Nevertheless, Keir Starmer has done enough to be given the benefit of the doubt. Like the leading figures in his shadow cabinet, Starmer is tough, focused and a team player. He is not a prima donna wanting to be “world king” (like Johnson), or an over-confident technocrat (like Sunak).
But hard choices will have to be faced once Labour is in power. Rachel Reeves brings to the Treasury a politician whose authority is underpinned by technical competence, while Angela Rayner and Andy Burnham can communicate the lived experience of distressed regions. In combination, these capacities may be enough.
The regional divide was created by the Treasury’s ideology of trusting market forces; and it was then compounded by its obsessive micromanagement of public spending. If Reeves uses her authority to force through profound change, such as shifting the power of scrutiny from HMT to locally based institutions ultimately accountable to elected representatives, then Rayner and Burnham can complement her skills with their own to offer credible hope of improving the lives of regional voters. Their job will not be easy: they must admit that it will take two or three terms of Labour government to achieve, but honest realism will find an audience among those in despair.

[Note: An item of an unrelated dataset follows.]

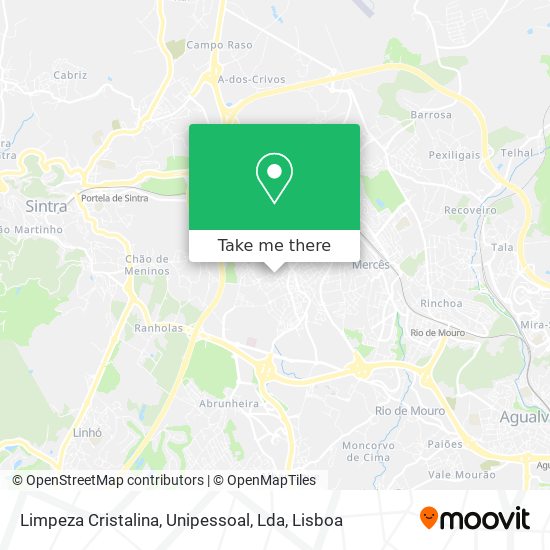 Limpeza Cristalina, Unipessoal, Lda map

The situation inherited by Labour will, however, be even worse than I have so far described. Not only has the Treasury been locked into a failed ideology of market-worship and habits of micromanagement, but it also refuses to think beyond the immediate. Public policy is sure to fail while budgets for projects and objectives are not set beyond the year-end, as has been its practice. We can see this in the HS2 fiasco, which was supposed to link the regions to the standards of fast rail connectivity normal in much of Europe and Japan for decades. As each year passed and bits of the project were axed to cut costs, it has shrivelled to around £50 billion for an unwanted line between Royal Oak and Birmingham, which would worsen the already inadequate services further north. Hopefully, Labour will cancel it, but that will merely return us to the pre-HS2 status quo of failed transport policy.